Vince Kadlubek: So, you know, music has always been a part of Meow Wolf. Since we started to do a music venue at the House of Eternal Return, its been really successful and one of the most fun aspects of that project. We wanted to branch out and do events outside of [the Meow Wolf building] and attempt to do more cultural events, and learn the process of growing festivals and bringing people together outside of our existing venue. Last year, the Taos Vortex was our first real opportunity to be able to learn some of that stuff. Taos is a beautiful city with unbelievable nature, activities and adventures, so we wanted to design a festival that could take advantage of a location that had all that, and not just be a music festival, but also be an activation of an entire city and have more integration with its surroundings. Only an hour and a half drive from Santa Fe, [Taos Vortex] was a really nice opportunity for us to try a lot of this stuff out.
303: What did you learn from last year that you wanted to improve upon this year and what was the intention behind adding a third day to the festival?
VK: There were a lot of people who went who felt like it had just found its groove by the end of Saturday and they wanted to have that one more day — they wanted to keep the vibes going. It was such a quality community experience and it just felt like it needed some more time. We also wanted to have more acts and have more genres represented this is a way to be about the programming with a more dynamic perspective.
303: How did you go about curating the music for this year’s edition?
VK: We really looked at acts who were a reflection of ourselves — a reflection of Meow Wolf, the community and allies. We wanted to look at acts that jived with we were as a company and a lot of the acts played the venue in Santa Fe, and there’s just really good energy with them and we wanted to bring them all together over a weekend. We also wanted to hit on multiple genres and have an event that spoke to multiple generations, with an underlying focus on creativity, art, collectivism and a lot of the musical acts are from that same fabric.
303: A lot of criticism around a lot of festivals today is that they are repetitive and monotonous in terms of talent and experience, how did you combat that for Taos Vortex?
VK: Taos Vortex is about people first and the collection of people coming together for a weekend, spending time and participating in something together. Music is a core component of that, one of the prime pieces to a festival, but it’s not the core of it. The core of the tree is how people doing and how are they are participating in this big event together.
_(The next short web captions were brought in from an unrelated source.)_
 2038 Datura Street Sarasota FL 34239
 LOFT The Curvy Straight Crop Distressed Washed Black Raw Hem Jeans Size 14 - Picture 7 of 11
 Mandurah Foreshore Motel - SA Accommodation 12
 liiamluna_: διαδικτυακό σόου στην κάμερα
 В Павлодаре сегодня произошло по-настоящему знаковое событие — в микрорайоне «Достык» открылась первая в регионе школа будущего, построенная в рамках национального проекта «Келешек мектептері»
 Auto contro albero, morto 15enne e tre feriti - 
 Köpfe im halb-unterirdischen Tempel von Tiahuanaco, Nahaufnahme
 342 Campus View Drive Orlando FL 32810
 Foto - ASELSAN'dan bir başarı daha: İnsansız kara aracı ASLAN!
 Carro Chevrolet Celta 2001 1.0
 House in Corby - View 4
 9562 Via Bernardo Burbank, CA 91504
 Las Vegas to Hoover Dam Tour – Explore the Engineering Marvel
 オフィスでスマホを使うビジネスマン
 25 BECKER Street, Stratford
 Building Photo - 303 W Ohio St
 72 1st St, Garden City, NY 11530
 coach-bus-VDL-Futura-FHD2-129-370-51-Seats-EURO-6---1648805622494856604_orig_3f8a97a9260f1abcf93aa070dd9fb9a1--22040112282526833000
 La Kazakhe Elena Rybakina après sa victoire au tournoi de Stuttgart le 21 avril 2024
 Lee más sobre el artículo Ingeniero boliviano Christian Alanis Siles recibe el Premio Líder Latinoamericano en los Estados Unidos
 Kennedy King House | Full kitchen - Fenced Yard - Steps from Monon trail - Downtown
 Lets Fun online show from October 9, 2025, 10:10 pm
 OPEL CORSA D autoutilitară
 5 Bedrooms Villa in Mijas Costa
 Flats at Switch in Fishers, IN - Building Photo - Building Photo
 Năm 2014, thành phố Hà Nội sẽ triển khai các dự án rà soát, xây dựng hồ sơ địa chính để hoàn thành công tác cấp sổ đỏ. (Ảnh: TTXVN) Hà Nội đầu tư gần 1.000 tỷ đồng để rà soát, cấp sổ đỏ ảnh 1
With that in mind, when you think about things like, interactive performances, or scavenger hunt type activities, pop-up installations, these are things that are going to create moments of surprise and delight that are unexpected. In those moments of spontaneity, whoever is there to experience that end up having a deeper connection to each other and a deeper connection to the weekend. The music lineups are awesome and they provide obviously like wonderful setting that it’s within that setting, but what else can we do to promote a unique and positive communal type event.
303: Meow Wolf is known for its art direction, how’d you go about extending that to this year’s Vortex and how did you step up from last year?
VK: Well, we added a second stage and we realized that people also wanted to have zones, almost like neighborhoods to be able to hang out in. Thinking about bringing people together and making human connections, people like to have a habitat so we thought about the park as a series of neighborhoods and placed layers of art and performance in each of those neighborhoods that then represent that aesthetic. Last year was a lot of one-off sculptures and one-off installations and performances, but this year we’re thinking about it as a cohesive experience and that’s allowed us to be able to produce more work and increase the number of activities that people have — using art and performance as a way to increase the sense of place and discovery that people have when they’re at the festival.
303: How do you hope Taos Vortex will fit into the festival landscape as it continues to grow?
VK: My hope for the festival is that it becomes an accessible opportunity for really anyone of any age, or background to be able to experience unleashed imagination and expression in the same way that you might do at Burning Man. Burning Man is a difficult place to get to and it’s a difficult commitment to make, we’re trying to provide the same spirit and the same energy but in a more accessible way so that the festival is more about the co-creation of an environment than just a consumer experience.